Using the records below, write out only the lines from the line containing "tiguar Aerial Hammock" up to and including the line containing "Green & Purple", exactly, with no pictures.

[[ Information supplied, beginning ]]

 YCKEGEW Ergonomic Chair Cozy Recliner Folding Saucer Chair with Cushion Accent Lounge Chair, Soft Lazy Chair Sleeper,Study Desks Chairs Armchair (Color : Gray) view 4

[[ Information supplied, end ]]
[[ Information supplied, beginning ]]

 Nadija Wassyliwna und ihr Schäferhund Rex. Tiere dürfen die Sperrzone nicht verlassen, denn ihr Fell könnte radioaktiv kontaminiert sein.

[[ Information supplied, end ]]
[[ Information supplied, beginning ]]

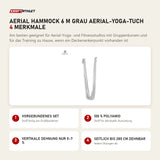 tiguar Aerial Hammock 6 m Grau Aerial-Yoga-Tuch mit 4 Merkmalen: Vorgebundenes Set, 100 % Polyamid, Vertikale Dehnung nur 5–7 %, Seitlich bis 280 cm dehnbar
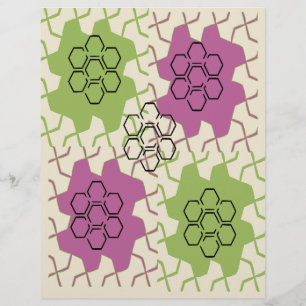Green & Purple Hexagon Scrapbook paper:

[[ Information supplied, end ]]

Answer to this exercise:
 tiguar Aerial Hammock 6 m Grau Aerial-Yoga-Tuch mit 4 Merkmalen: Vorgebundenes Set, 100 % Polyamid, Vertikale Dehnung nur 5–7 %, Seitlich bis 280 cm dehnbar
Green & Purple Hexagon Scrapbook paper:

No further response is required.